Saturday, August 14, 2010

Cutting For Stone by Abraham Verghese


Twin boys are born in Ethiopia.  A normal event, but this birth was not normal.  These twins were born of a mother who was a nun, someone no one had known was pregnant.  The father was an American surgeon named Thomas Stone.  The nun, Mary Joseph Praise, was Stone's assistant in the surgery and his confidant.  They had been in love for months, but never spoke of it.  Her pregnancy, hid from everyone around, resulted in her death on the delivery table as Stone tried unsuccessfully to save her.

Stunned and shocked, Stone disappears, leaving the boys in the care of two Indian doctors, Ghosh and Hema.  Hema delivered the children after Stone's inability, and claimed the boys as her own when Stone disappeared.  She named the children Marion and Shiva.  The boys grew up in Ethiopia at Missing Hospital, surrounded by love and a close family.  In addition to Hema and Ghosh, Matron and various servants were their family.

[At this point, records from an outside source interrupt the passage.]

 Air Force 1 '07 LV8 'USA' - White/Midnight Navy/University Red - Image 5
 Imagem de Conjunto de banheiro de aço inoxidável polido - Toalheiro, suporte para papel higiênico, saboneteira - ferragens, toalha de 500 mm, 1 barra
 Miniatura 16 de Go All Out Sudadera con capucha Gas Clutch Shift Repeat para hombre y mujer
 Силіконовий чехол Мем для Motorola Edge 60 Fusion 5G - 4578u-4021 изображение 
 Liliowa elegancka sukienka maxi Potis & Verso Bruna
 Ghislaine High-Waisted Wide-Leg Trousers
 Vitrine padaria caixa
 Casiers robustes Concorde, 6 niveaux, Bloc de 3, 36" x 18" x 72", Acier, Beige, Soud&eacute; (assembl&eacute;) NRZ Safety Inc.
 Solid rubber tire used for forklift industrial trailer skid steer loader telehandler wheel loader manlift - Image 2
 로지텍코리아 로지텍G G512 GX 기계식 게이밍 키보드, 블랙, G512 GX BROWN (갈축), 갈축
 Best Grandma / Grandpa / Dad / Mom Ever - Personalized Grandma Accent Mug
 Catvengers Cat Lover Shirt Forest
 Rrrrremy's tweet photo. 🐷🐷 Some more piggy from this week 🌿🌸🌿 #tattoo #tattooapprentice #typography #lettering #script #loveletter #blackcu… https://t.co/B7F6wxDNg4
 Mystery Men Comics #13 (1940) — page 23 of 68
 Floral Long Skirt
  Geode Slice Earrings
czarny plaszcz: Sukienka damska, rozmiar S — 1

The boys had the special relationship that twins do, but they were very different.  Shiva was extremely intelligent but had no ability to conform to rules.  School wasn't something he was interested in.  Marion was the super-striver who did everything the right way, determined to make his way in the world and make his family proud. Both boys end up with medical careers.  Marion becomes a trauma surgeon while Shiva, without a medical degree, becomes a world-renowned expert in a woman's surgery method to cure fistulas.

The boys' intense childhood bond is severed when Marion discovers a betrayal by Shiva that he cannot forgive or forget.  Due to the political situation in their homeland, Marion immigrates to America.  Years later, he discovers and is reunited with his biological father.  A medical crisis brings both branches of the family, biological and adopted together to forge new relationships and learn what they all mean to each other.

Verghese has written a sprawling, extremely satisfying novel.  The reader learns of the Ethiopian culture, as well as the medical culture of surgeons and the challenges they face.  This is hardly surprising as Verghese is a doctor as well as a novelist.  Readers will not soon forget the various faces of love that are portrayed in the novel, and will remember the characters long after they finish the book.  This book is recommended for all readers interested in an engrossing novel that will entrance and entertain.